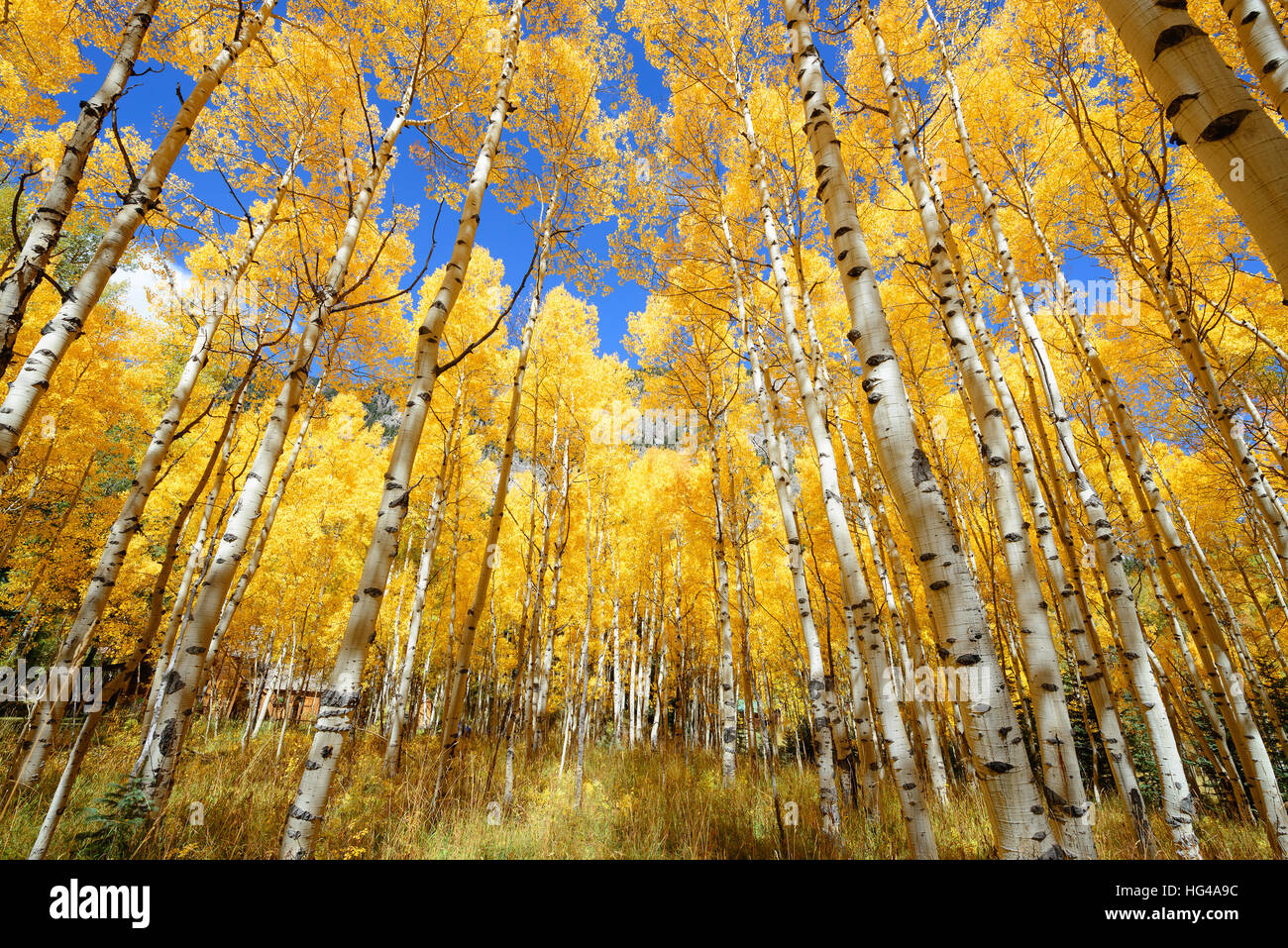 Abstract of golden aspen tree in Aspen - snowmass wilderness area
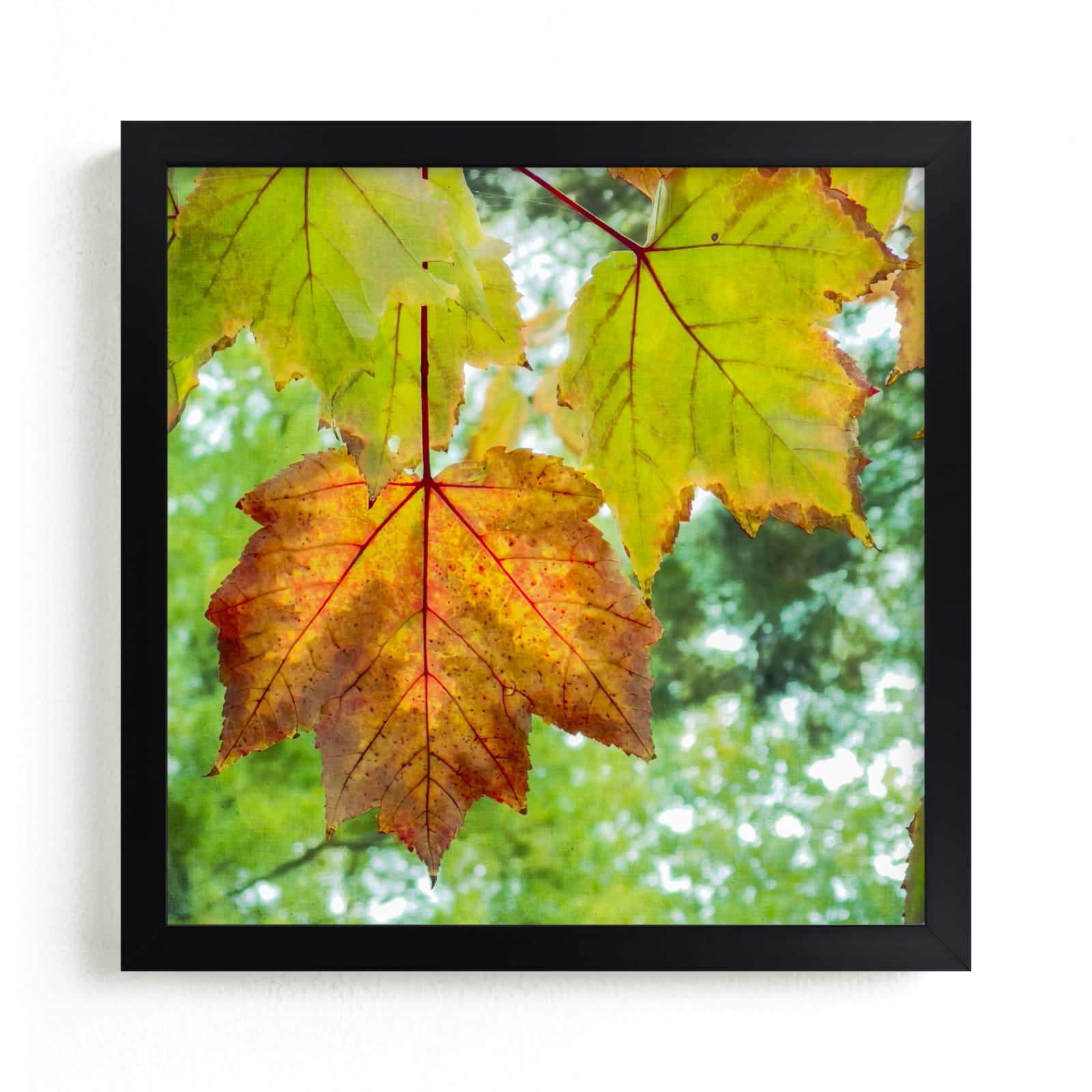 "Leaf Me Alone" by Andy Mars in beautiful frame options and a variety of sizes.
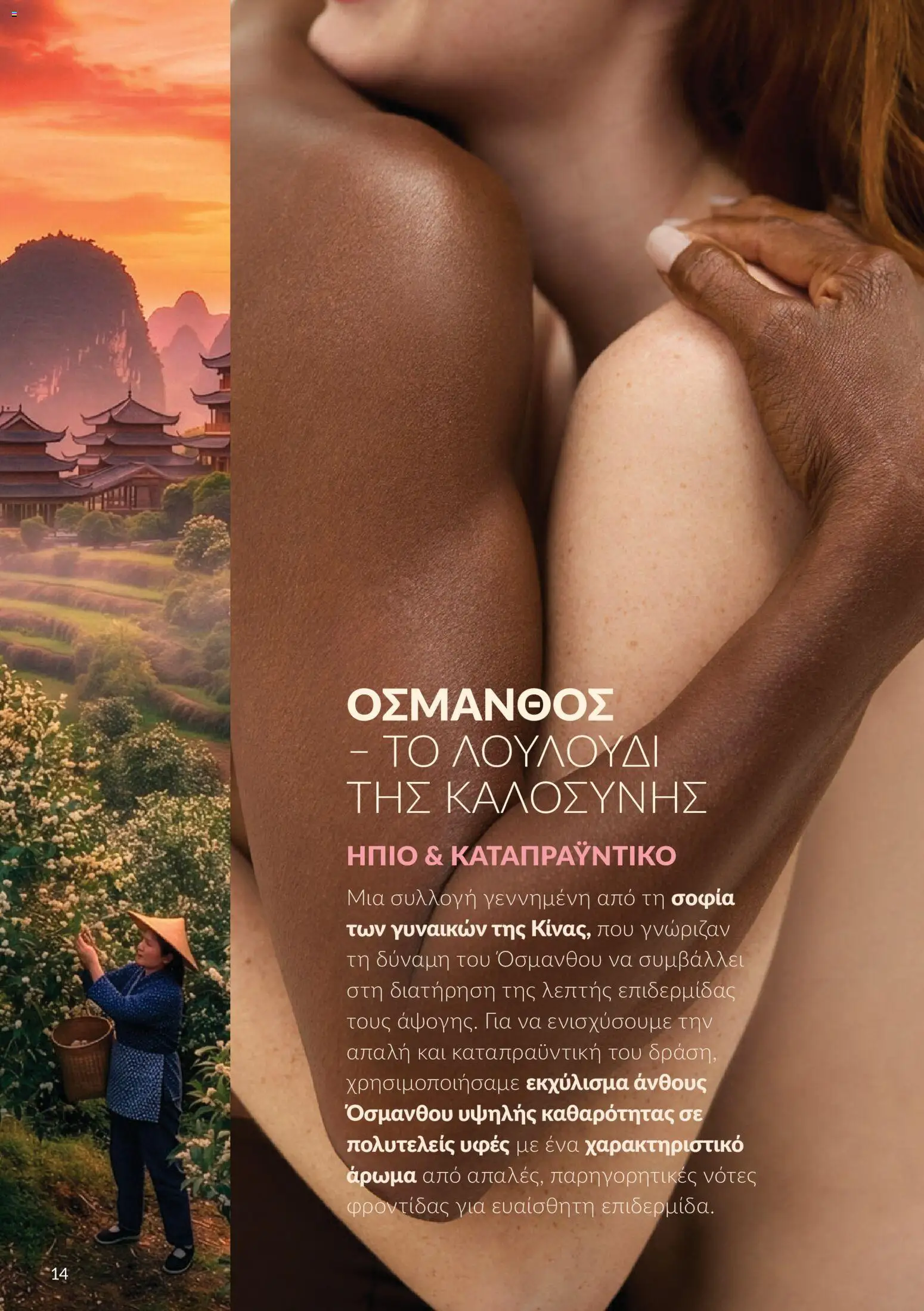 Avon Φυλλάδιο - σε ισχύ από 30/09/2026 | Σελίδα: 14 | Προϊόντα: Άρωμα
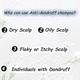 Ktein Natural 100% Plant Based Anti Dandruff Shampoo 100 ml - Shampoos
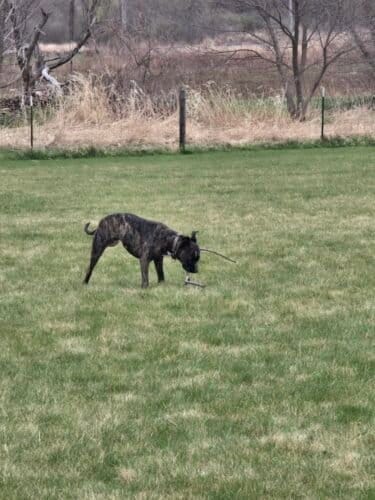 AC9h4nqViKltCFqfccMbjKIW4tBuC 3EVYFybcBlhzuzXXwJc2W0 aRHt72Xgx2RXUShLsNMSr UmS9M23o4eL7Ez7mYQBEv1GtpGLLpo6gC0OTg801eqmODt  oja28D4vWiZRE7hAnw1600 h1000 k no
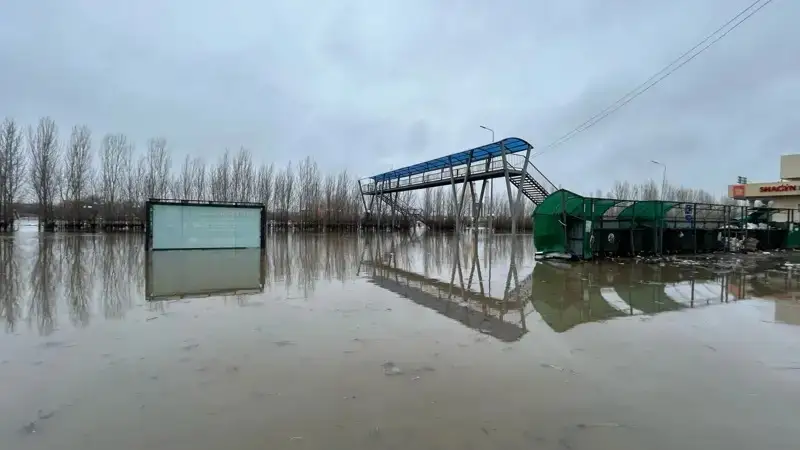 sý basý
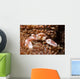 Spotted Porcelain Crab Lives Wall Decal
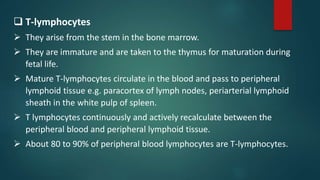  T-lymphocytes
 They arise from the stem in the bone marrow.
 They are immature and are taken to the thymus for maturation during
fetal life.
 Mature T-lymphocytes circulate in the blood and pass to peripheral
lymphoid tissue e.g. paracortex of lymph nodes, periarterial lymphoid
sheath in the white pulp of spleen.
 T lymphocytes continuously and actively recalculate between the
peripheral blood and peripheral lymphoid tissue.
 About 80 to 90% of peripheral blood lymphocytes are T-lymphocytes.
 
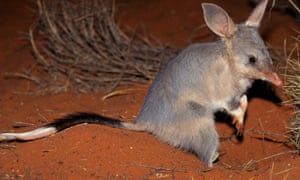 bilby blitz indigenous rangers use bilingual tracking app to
★ ★ ★ ★
§ **What is expected**
Your output should be the full set of entries above, restated word for word and free of pictures.

§ **Exercise output**
 Abstract of golden aspen tree in Aspen - snowmass wilderness area
 "Leaf Me Alone" by Andy Mars in beautiful frame options and a variety of sizes.
 Avon Φυλλάδιο - σε ισχύ από 30/09/2026 | Σελίδα: 14 | Προϊόντα: Άρωμα
 Ktein Natural 100% Plant Based Anti Dandruff Shampoo 100 ml - Shampoos
 AC9h4nqViKltCFqfccMbjKIW4tBuC 3EVYFybcBlhzuzXXwJc2W0 aRHt72Xgx2RXUShLsNMSr UmS9M23o4eL7Ez7mYQBEv1GtpGLLpo6gC0OTg801eqmODt  oja28D4vWiZRE7hAnw1600 h1000 k no
 sý basý
 Spotted Porcelain Crab Lives Wall Decal
  T-lymphocytes
 They arise from the stem in the bone marrow.
 They are immature and are taken to the thymus for maturation during
fetal life.
 Mature T-lymphocytes circulate in the blood and pass to peripheral
lymphoid tissue e.g. paracortex of lymph nodes, periarterial lymphoid
sheath in the white pulp of spleen.
 T lymphocytes continuously and actively recalculate between the
peripheral blood and peripheral lymphoid tissue.
 About 80 to 90% of peripheral blood lymphocytes are T-lymphocytes.
 
 bilby blitz indigenous rangers use bilingual tracking app to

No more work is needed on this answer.